How the precedent was set: Trump waged a sustained pressure campaign against outgoing chair Jerome Powell throughout 2025, publicly demanding rate cuts and threatening to fire Powell. The Department of Justice, under US Attorney for DC Jeanine Pirro, opened a criminal investigation of Powell tied to testimony Powell gave to Congress about cost overruns on a Fed headquarters renovation project. The investigation was widely viewed by financial observers as politically motivated. North Carolina Senator Thom Tillis held up Warsh's confirmation for weeks demanding the DOJ drop the investigation; the investigation was dropped, though Pirro stated she may reopen it. The mechanism is clear: the federal government's prosecutorial apparatus was used to pressure the central bank chair out of office in service of monetary policy demands. This is the central architectural innovation of the Trump II administration applied to a new domain.
The unusual Powell holdover: Powell's term as chair ends Friday, but Powell is not leaving the Fed. He is staying on the Board of Governors — a position he holds until 2028 — specifically to maintain influence over monetary policy and to safeguard the institution's structure. This is the first time in nearly 80 years that an outgoing Fed chair has remained on the board rather than departing. Powell stated explicitly that he will not leave the board until the DOJ investigation is "fully resolved with transparency and finality." The outgoing Fed chair is staying in place as a structural counterweight to Trump's selected replacement. This is itself a sign of how serious the institutional damage is — Powell is using the only remaining tool he has to constrain political capture of the Fed.
Why this matters in real time: Inflation just hit a three-year high. Headline PPI rose 1.4% in April, the largest monthly gain since March 2022; year-over-year PPI is up 6%. The Iran war has produced an energy shock that is feeding through to consumer prices.

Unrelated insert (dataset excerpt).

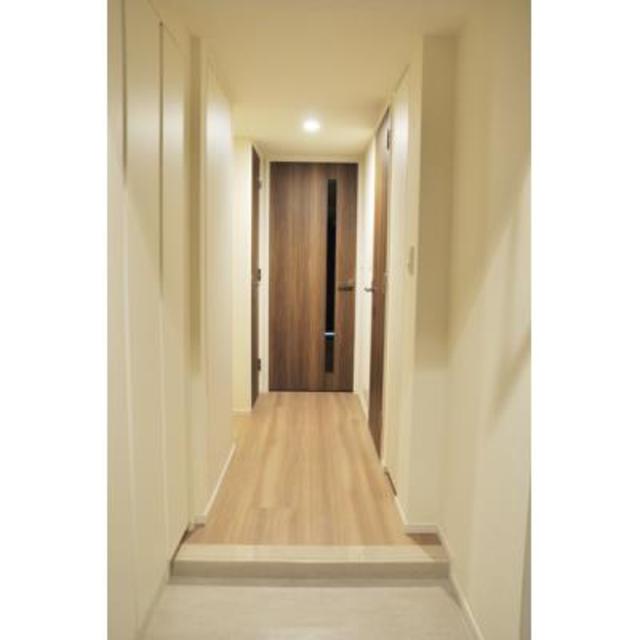 玄関　※写真は同タイプ住戸です。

The Federal Open Market Committee is divided, with three members signaling their next move could be a rate increase rather than a cut. Trump publicly demands rate cuts. Warsh has called for "regime change" at the Fed. The collision between political demands and economic conditions is now scheduled to play out inside a central bank whose independence has been formally compromised. If Warsh cuts rates against the FOMC's inflation-fighting majority, the precedent is institutional. If he defers to the FOMC's professional judgment, Trump will pressure him publicly — and the DOJ tool that was used against Powell remains available.
What's getting buried: The Warsh confirmation is being covered as a business/finance story rather than as a structural-political story. Major outlets are treating "the Fed's independence is at risk" as a hypothetical future concern rather than as a documented present fact. The DOJ pressure campaign against Powell, the criminal investigation that was opened and then dropped to clear the path for Warsh, and the most-partisan-vote-in-history framing are all in the public record. Central bank independence is one of the foundational structural features of modern democratic capitalism. Its compromise in the United States — the issuer of the world's reserve currency — has consequences that extend far beyond US monetary policy. The full implications are not yet visible, but the institutional damage is now permanent in the historical record.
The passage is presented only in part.